Suddenly the centipede’s upper half unlatched from the wall and clung to the horizontal blade instead. Eek! Alarmed that it might crawl towards me, I let go of the pressure on the centipede and I blasted it with the aerosol. I chopped at it like a chef would and yelped expletives, as my one-eyed cat watched me like the ever vigilant spectator. Finally, I pushed the blade in and drove it like a saw until the centipede formed two halves. I relaxed, but those little legs were still twitching! I sprayed at it some more with amount no creature could survive. Finally, the recently bought aerosol significantly lighter, I walked out of the room.
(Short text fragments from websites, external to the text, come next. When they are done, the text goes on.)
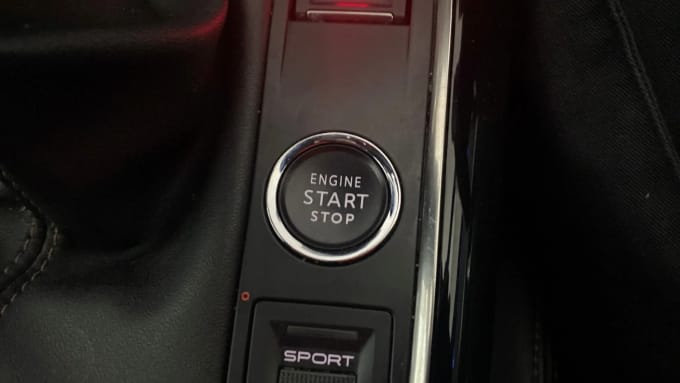 2021 Peugeot 5008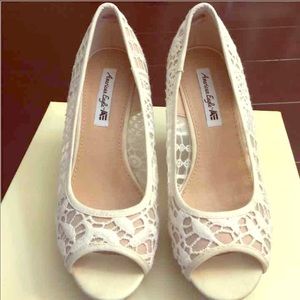 American Eagle Crochet peep toe Wedges 4"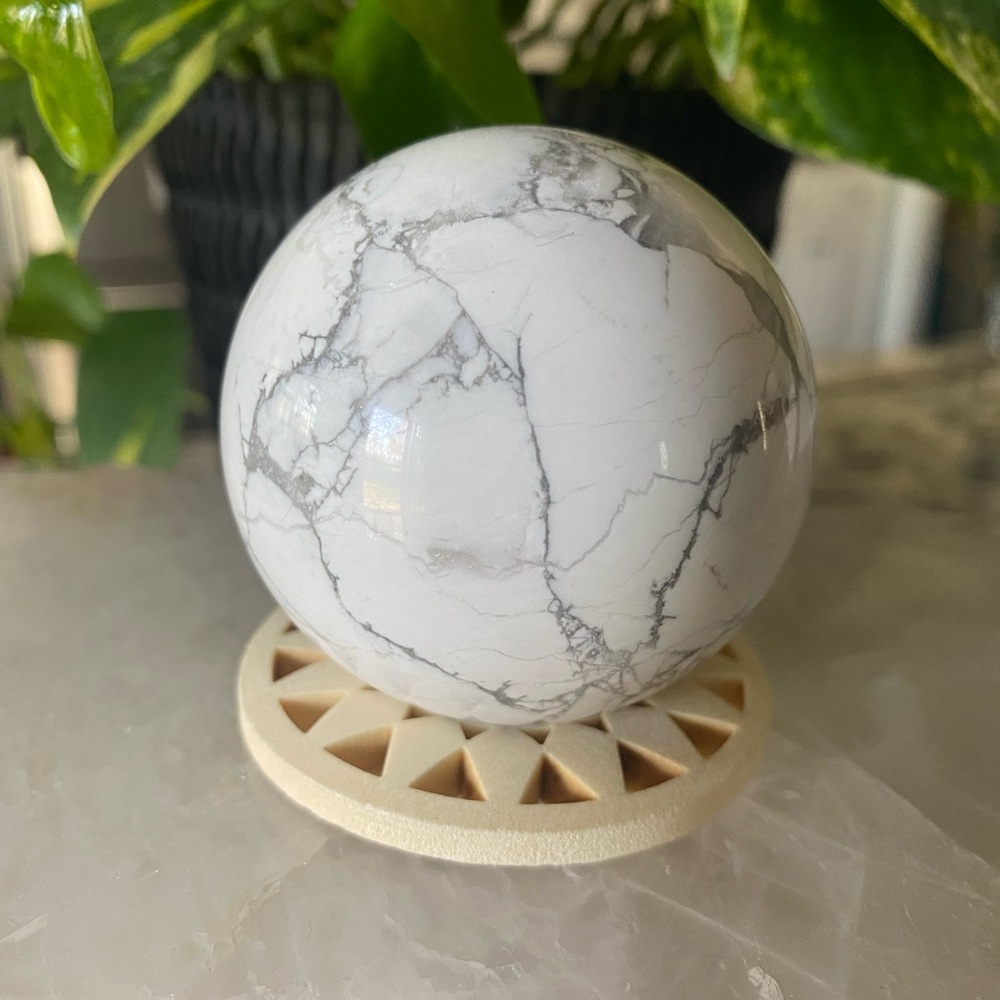 ✨🔮 Howlite Crystal Sphere - Picture 3 of 4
The worst had passed. I searched a pair of scissors it in the main room, and with it picked up the remains of still jerking centipede. I took them outside, the cats following me (there were two cats, the other one was outside). Like a curious kid, hunkered down on the rail-less patio (the house stands on short stilts), I studied the centipede, dangling before me, with its pincers, pointy antennae, armour-clad trunk, twitching spasmodically. The sight of its pincers sent chills up my spine. I stared at it long until the pincers closed up, admiring the viciousness of its form. Then I noticed laundry had fallen onto the muddy ground, so I got off the patio, headed to the riverbank, threw the two pieces of centipede into blackened ash of burnt rubbish, headed back to pick up the towel and trudged to the kitchen.